Uber has taken Australia by storm as a great way to earn additional income. But there may be serious Uber tax problems ahead unless you do things the right way.
Uber is a unique, flexible opportunity to earn a side income for almost anyone with a good car. But there are important things to consider regarding how you manage your taxes.
If you start to drive for Uber without some good tax planning, you could soon have an ATO tax debt in the thousands, even tens of thousands of dollars.
Don’t worry: Just a bit of planning and organisation can help ensure you’re on-track for a friendly relationship with the ATO.
Uber tax and GST – get in the know!
When you drive for Uber, you are not an employee. You’re a contractor. Here’s why that is important: When you’re not an employee, you have to be careful that your tax affairs are managed correctly. That’s why most Uber drivers should use a tax agent.
From Uber themselves:
All Uber partners are independent contractors, so we do not withhold any taxes and partners are entirely responsible for their own tax obligations.”
The ATO’s Uber tax implications are straight-forward at a basic level:
- Any money you make driving for Uber counts as income, meaning you must declare it on your tax return.
- Even if you earn less than the $75,000 GST income threshold, as an Uber driver you need to register for GST. (More on that below…).
Uber and GST – What’s the story?
Drivers need to submit the GST portion of your Uber fares to the ATO in addition to the tax you pay for the income you earn as a driver.
So, right from the start Uber drivers should:
- Register for GST and pay GST on fares
- Lodge quarterly BAS statements
If you don’t do this, you’re asking for trouble with the ATO, and Uber is unlikely to help you out of your personal ATO troubles – it’s not like the State Transport fines that Uber sometimes cover for you.
How do I pay the ATO’s Uber tax?
If you’re an Uber driver, you’ll need to declare the income you’ve generated in the financial year on your tax return.
Here’s an important warning: Don’t spend all your Uber income.
Especially if you drive for Uber in addition to another job, it’s important to save a good portion of your Uber earnings.
Why? Because as your income is boosted by your Uber driving, your tax bill is boosted as well. If you don’t save for that, it can be a nasty surprise at tax time. During your first year driving for Uber, you should put aside at least 30, even 40 per cent of what you earn from Uber.
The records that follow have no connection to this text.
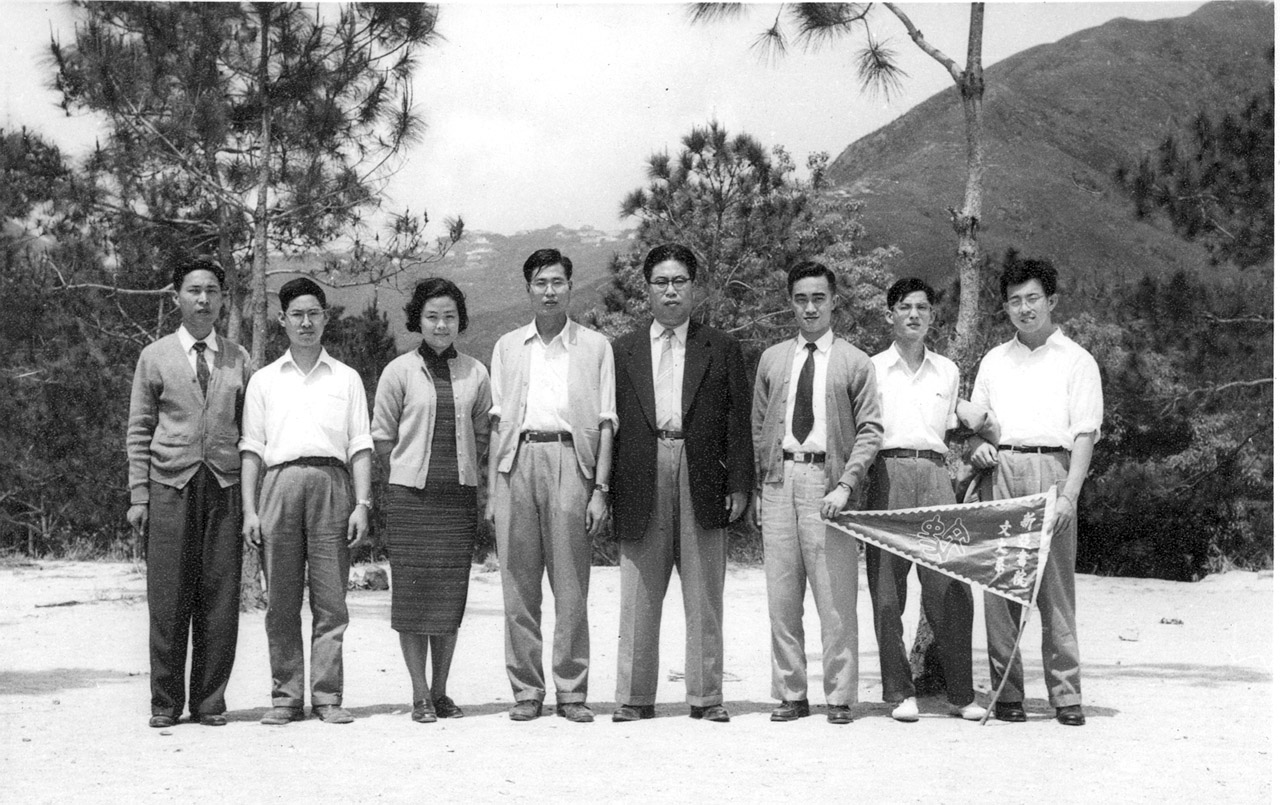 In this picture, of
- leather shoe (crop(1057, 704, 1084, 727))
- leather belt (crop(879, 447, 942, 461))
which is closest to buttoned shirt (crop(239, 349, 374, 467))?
leather belt (crop(879, 447, 942, 461))

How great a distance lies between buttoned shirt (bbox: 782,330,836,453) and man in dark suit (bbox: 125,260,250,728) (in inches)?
90.1

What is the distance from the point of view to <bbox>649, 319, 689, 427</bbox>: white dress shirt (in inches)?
216

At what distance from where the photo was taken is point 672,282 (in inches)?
218

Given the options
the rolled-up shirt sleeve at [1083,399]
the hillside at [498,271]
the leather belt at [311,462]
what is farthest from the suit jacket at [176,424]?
the hillside at [498,271]

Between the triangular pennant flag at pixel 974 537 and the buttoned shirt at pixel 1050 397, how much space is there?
31 centimetres

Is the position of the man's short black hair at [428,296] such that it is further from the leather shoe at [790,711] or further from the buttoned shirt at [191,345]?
the leather shoe at [790,711]

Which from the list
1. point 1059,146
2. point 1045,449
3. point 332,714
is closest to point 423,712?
point 332,714

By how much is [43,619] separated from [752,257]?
1091 centimetres

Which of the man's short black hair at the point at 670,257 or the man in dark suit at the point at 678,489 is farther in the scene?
the man's short black hair at the point at 670,257

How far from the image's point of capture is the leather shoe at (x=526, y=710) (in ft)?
17.7

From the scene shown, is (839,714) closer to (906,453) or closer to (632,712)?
(632,712)

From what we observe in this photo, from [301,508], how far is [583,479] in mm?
1155

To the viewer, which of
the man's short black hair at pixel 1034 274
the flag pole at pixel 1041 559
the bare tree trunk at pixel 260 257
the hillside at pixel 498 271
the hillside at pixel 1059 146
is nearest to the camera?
the flag pole at pixel 1041 559

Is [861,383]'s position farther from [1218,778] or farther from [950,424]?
Answer: [1218,778] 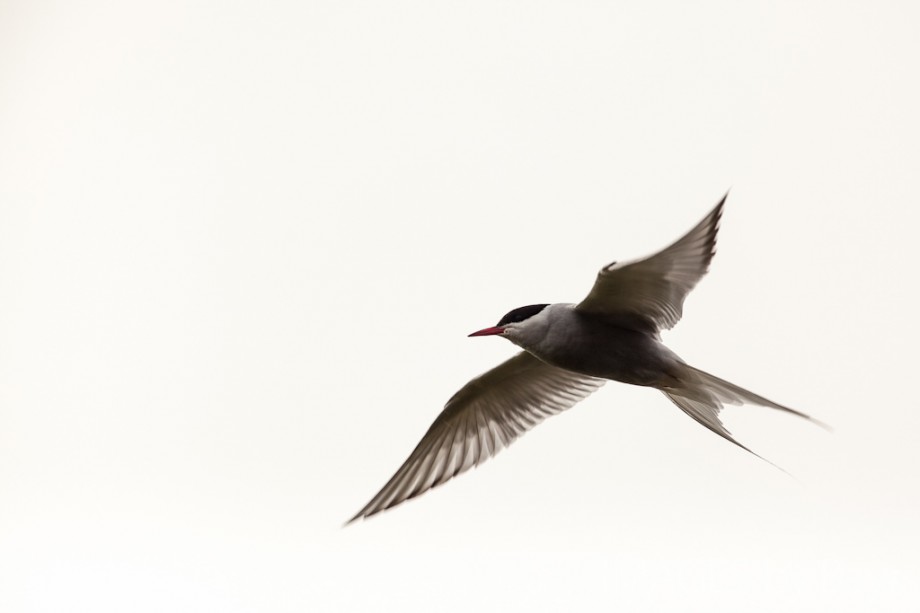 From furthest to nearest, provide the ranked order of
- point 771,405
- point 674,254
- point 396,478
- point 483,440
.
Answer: point 483,440 < point 396,478 < point 674,254 < point 771,405

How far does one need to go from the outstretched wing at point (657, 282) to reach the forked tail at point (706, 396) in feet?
0.42

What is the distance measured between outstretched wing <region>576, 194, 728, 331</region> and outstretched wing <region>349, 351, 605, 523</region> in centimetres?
43

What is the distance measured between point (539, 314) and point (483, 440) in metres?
0.57

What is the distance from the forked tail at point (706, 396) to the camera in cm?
179

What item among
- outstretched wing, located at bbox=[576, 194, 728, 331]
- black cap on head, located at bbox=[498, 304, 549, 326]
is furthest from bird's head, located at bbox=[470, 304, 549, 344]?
outstretched wing, located at bbox=[576, 194, 728, 331]

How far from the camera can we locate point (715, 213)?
1.59 m

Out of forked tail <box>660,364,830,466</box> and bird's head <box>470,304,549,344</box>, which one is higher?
bird's head <box>470,304,549,344</box>

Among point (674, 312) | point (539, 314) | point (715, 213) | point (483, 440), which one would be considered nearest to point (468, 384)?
point (483, 440)

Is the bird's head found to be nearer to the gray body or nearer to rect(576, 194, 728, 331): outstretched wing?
the gray body

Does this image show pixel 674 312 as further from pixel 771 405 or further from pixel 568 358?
pixel 771 405

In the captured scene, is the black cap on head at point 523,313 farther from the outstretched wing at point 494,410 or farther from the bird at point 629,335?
the outstretched wing at point 494,410

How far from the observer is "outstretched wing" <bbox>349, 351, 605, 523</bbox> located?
232cm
You’ll also be required to lodge a business activity statement (BAS).
Need help predicting how much you should save? It’s not simple, so talk to a tax agent. And when in doubt, save a bit extra; it’s much nicer to get a tax refund than to find you owe money to the ATO.
The tax benefits of being an Uber driver
There are a range of tax deductions you can claim as an Uber driver. Here are just a few work-related expenses that become tax-deductible when you drive for Uber:
- Car maintenance
- Car cleaning costs
Along with these expenses, you can claim additional costs that are directly related to becoming and operating as an Uber driver, such as:
- Work-related parking expenses (keep receipts and add them up, or claim up to $200 a year for your parking charges less than $10 each)
- Special cleaning costs (car washes, carpet washes etc.)
- Mints and water for passengers
- Mobile phone costs (here’s more about claiming work-related phone use)
- Relevant Spotify, Pandora or Apple subscription fees
Keep a record of all Uber driving expenses
To claim any of the above-mentioned deductions, you’ll need to be vigilant. When it comes to claiming costs directly related to your vehicle, you’ll need to keep a record just like you would for any other job.
And with all the kilometres you’ll be driving, you should keep a logbook. This lets you calculate the work-related portion of your car use, in a way that the ATO respects. Then, you can properly claim a wide range of vehicle-related expenses.
We’ve got a blog post covering how to use a car logbook, here.
Popular second-income sources like Ebay, Airbnb and Uber make some people wonder,
Can I just spend my extra income, and leave it off of my tax return?
There’s a very simple answer to that: Don’t do it!
Your activity as an Uber driver is very much “out there” for the world to see. Your name and plate number are shown right on the Uber app. The ATO can easily determine your actual income from Uber. The ATO can even see your bank accounts if they want to.
It will be simple for the ATO to find Uber drivers who don’t declare (or who under-report) their income. The likely consequences for people who hide their Uber income: huge tax repayments, fines and interest charges. The ATO does not play games with this sort of thing, and it is not taken lightly.
Be honest and transparent with the ATO. You’ll be better off in the end, and you’ll sleep well at night.
However, consult a tax agent for personalised Uber tax advice and be sure you follow the right procedures to keep everything accurate for next tax season.